Sunday, 18 April 2010

Pub news around the town

I went for a stroll the other night along Eastbank Street, Southport, where I used to drink regularly, firstly in the Old Ship in the 80s, then in the Wellington in the 90s. Bernie Blaney and I used to run a folk club in the Old Ship in a good little function room upstairs. Unfortunately attendances were never very good, so we pulled the plug on it in 1985, but I continued to go to the pub as it had become my local and I'd made quite a few friends there. It was a Walkers pub in those days and was noted for its good beer, especially the Ind Coope Burton Ale, or in winter the Walkers Warrington Ale, which was wonderful.  It hasn't sold real ale for a while and was closed down in February. It has reopened, but when I looked in there was no real ale, and the handpumps have been removed. I think that constitutes a statement of intent, but it's better open without real ale than closed altogether.

The Volunteer just a few yards away is a Thwaites pub. It was the last pub that I knew of to serve real ale through electric pumps, but now there is a handpump serving Thwaites Bomber, perfectly acceptable on my visit. This is a popular local and has regular music of the old-fashioned pub singer style, plus karaoke, which really isn't my cup of tea. However, they were queuing to go on, so it's popular with its own locals. There are murals of 50s rock & rollers and 60s pop stars on the walls.

The Wellington on the other side of the street used to be a Tetley Festival Ale House, which meant they filled it with old tat which inevitably gathered loads of dust, stripped out the carpets, wallpaper and comfortable seats and painted all the usual quotations on the walls. They also marked up the price of the beers. I fell out with it when they installed TVs in every part of the pub, often on different channels, and had the jukebox on at the same time. However, despite that, the beer was always well kept. Nowadays, another refurbishment down the line, the tat has been removed, but so has the cask beer.

So, out of the three pubs in Eastbank Street that all used to serve real ale, only the Volunteer continues to do so.

Elsewhere, the Rabbit on Manchester Road remains closed after two months, and I can see no sign of activity there. I remember when this was a Bass house, serving the famous draught Bass and Bass mild. I often used to pop in for a pint or two on my way into town.

The Albert on London Street has reopened and I learned at the CAMRA meeting the other night that it is serving Black Sheep Bitter and Timothy Taylor's Landlord. I also learned that the Baron's Bar has settled down to 5 regulars beers: Moorhouses Pride of Pendle, Tetley, Black Sheep, a Southport beer, Flag and Turret (the house beer) and a changing range of 5 guests. They usually have a real cider on too.

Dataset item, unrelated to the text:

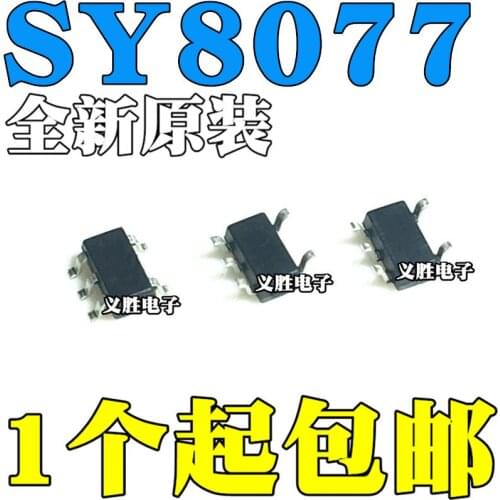 Original new 20pcs/ SY8077AAC TR SOT23-5 IC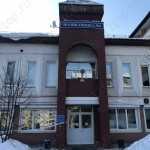 ИРКУТСКАЯ ГОРОДСКАЯ ПОЛИКЛИНИКА №4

  1. I was pleased to call in the 'Albert' last evening for a pint of Landlord. Somehow didn't taste quite like I know it but that could've been my palate. The quality was fine though and at £2 a pint, far better value than the Taylor's Golden Best in the 'Hesketh,' where I met with my cousin later - £2.95.
    Indefensible really though my partner, newly returned from Oxford reports the £3.45 pint as commonplace. Strewth!

  2. That shows that pub companies can sell beer at more reasonable prices when they choose to.

    I could have had a job in Oxford years ago; I'm glad I never took it up.